# Bought my first SHARK!!!



## vinjo (Dec 8, 2010)

I'm so excited, my shark arrived today. He's a little over 5 feet in length!!

I'll take a video and post tomorrow when I get a chance.


----------



## Al-Losaurus (Jul 21, 2009)

vinjo said:


> I'm so excited, my shark arrived today. He's a little over 5 feet in length!!
> 
> I'll take a video and post tomorrow when I get a chance.


How big?  lol nice congrats cant wait to see it.


----------



## ameekplec. (May 1, 2008)

?


----------



## Will (Jul 24, 2008)

ameekplec. said:


> ?


We can only hope!!!!!


----------



## caker_chris (Apr 22, 2010)

damn thats a big fish. Where do you live sea world? Lol, what kind of shark is it and how big is your tank?


----------



## bigfishy (Jun 19, 2009)

5ft+ shark is like an adult black tip reef shark...

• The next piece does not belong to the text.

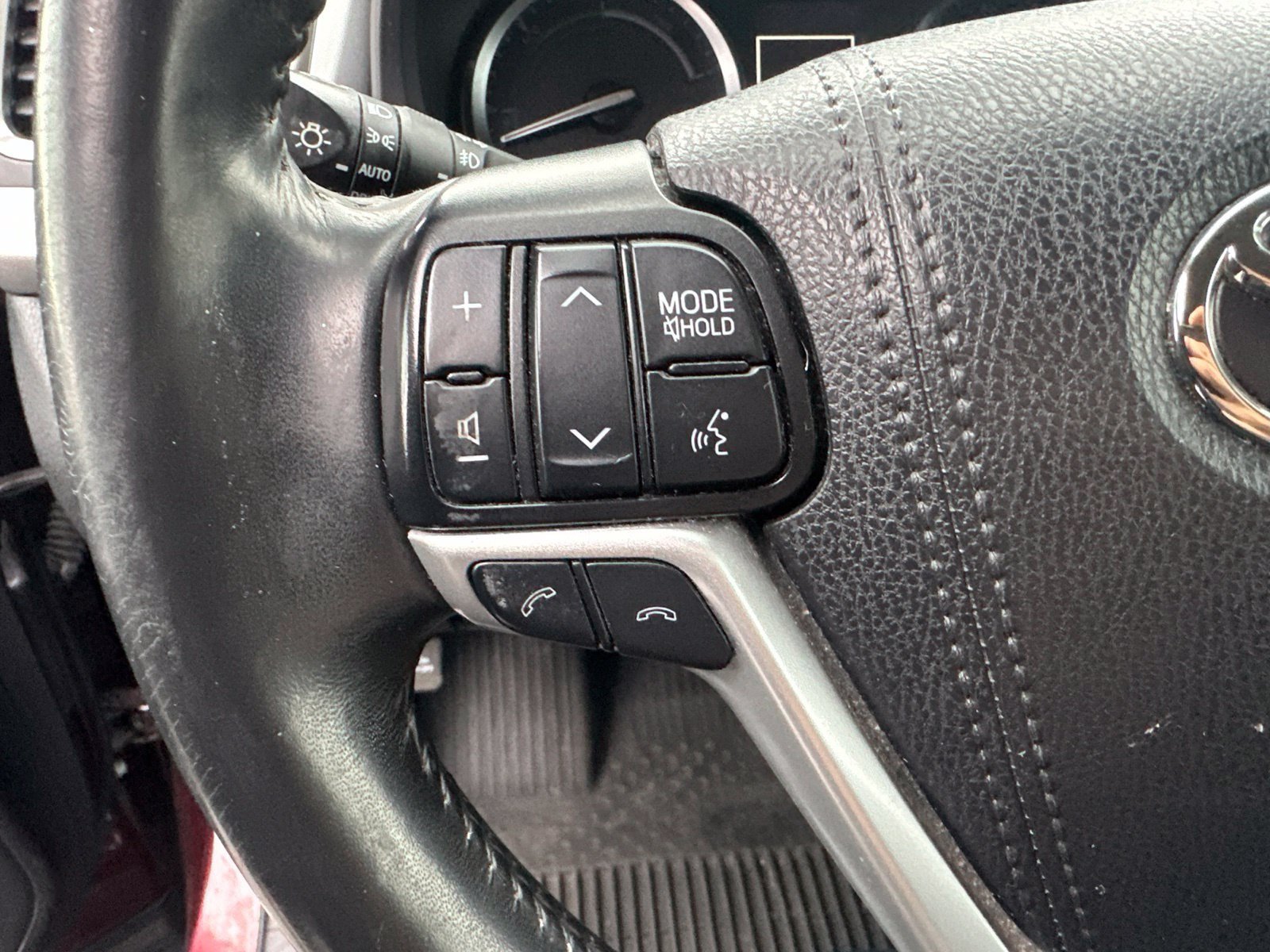 Used 2019 Toyota Highlander XLE AWD/4WD image 6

the transportation fee must be astronomical...


----------



## Holidays (Apr 18, 2010)

hey don't be a hater, let's see the shark


----------



## adrenaline (Jan 17, 2011)

I'm really curious on how big the tank is too. that's a BIG shark... Soooo jealous lol


----------



## J-Miles-21 (Sep 25, 2010)

where did u find a place that would ship you a 5ft shark?


----------



## ninjaturtle (Apr 12, 2011)

haha thats awesome but lets c the pic.

where do u find the space to house this? give us the specs pls


----------



## trailblazer295 (Mar 7, 2010)

I saw this while scrolling the main page, very curious to see.


----------



## adrenaline (Jan 17, 2011)

you'd need something huge for this... Like an indoor pool lol. a vary large one! This is not a child friendly pet haha


----------



## jediwiggles (Aug 29, 2009)

adrenaline said:


> you'd need something huge for this... Like an indoor pool lol. a vary large one! This is not a child friendly pet haha


But I'm sure if your child acts up, jaws will straighten them out...


----------



## vinjo (Dec 8, 2010)

Ameekplec is correct! This thing arrived in the mail yesterday.

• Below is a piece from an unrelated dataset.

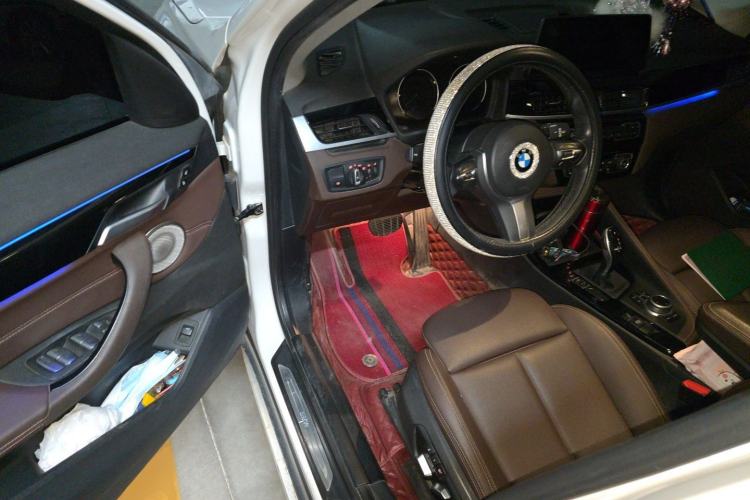 Used BMW X1 2021 sDrive20Li Premium Edition Driver Seat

It's so awesome it's a really fun toy!








ameekplec. said:


> ?


----------



## 50seven (Feb 14, 2010)

Haha, ROFL! That is wack! Looks like tons of fun! 

I was expecting there to be a punch line somewhere in this thread...

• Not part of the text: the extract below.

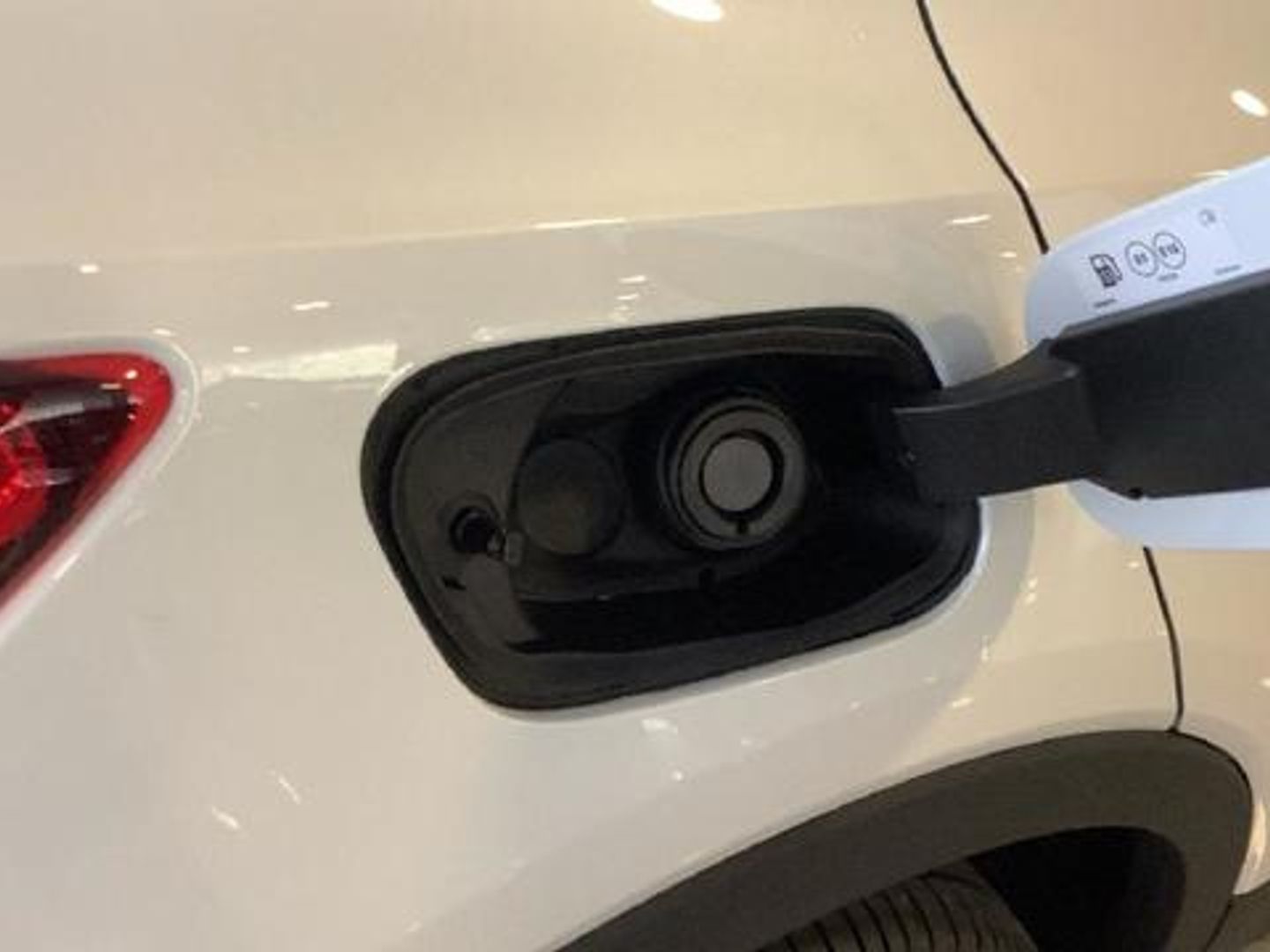 Volvo XC40 B3 G Core Auto 120 kW (163 CV)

Sent from my HTC Magic using Tapatalk


----------



## Will (Jul 24, 2008)

The punchline is so many of you guys thought he had gotten a live human sized shark.

hehehe


----------



## azotemia (Jan 28, 2009)

vinjo said:


> Ameekplec is correct! This thing arrived in the mail yesterday.
> 
> It's so awesome it's a really fun toy!


i like i like! where did you get this????


----------



## Cintax (Jun 16, 2011)

http://www.thisiswhyimbroke.com/


----------



## adrenaline (Jan 17, 2011)

ooo I want one! lol

And thanks for the link to the site... now I WILL go broke... so many cool and useless things. It's like the ultimate radio shack. The best place to buy all the things you never knew you didn't need!


----------



## vinjo (Dec 8, 2010)

I bought it from the company website http://airswimmers.com/


----------



## Chromey (Sep 25, 2010)

Anyone see a lawsuite with this one?

http://www.amazon.com/dp/B004ZMN8IU/?tag=047-20


----------



## Holidays (Apr 18, 2010)

boo...plastic...how are you gonna enjoy the shark fin soup? hehe


----------



## CoryKat (Apr 8, 2011)

I've also seen it at Mastermind in the Ontario Science Centre for under $50. They had the clownfish - not sure if they have the shark.


----------



## Al-Losaurus (Jul 21, 2009)

hahaha i was thinking how the hell would you get a five foot shark delivered and how the heck you would have space for such a huge fish. lmao very good one..


----------



## ameekplec. (May 1, 2008)

Holidays said:


> boo...plastic...how are you gonna enjoy the shark fin soup? hehe


They easily detach!


----------



## azotemia (Jan 28, 2009)

Cintax said:


> http://www.thisiswhyimbroke.com/


thanks for the site!


----------



## carmenh (Dec 20, 2009)

Bahahaha from one of the reviews of the giant ball...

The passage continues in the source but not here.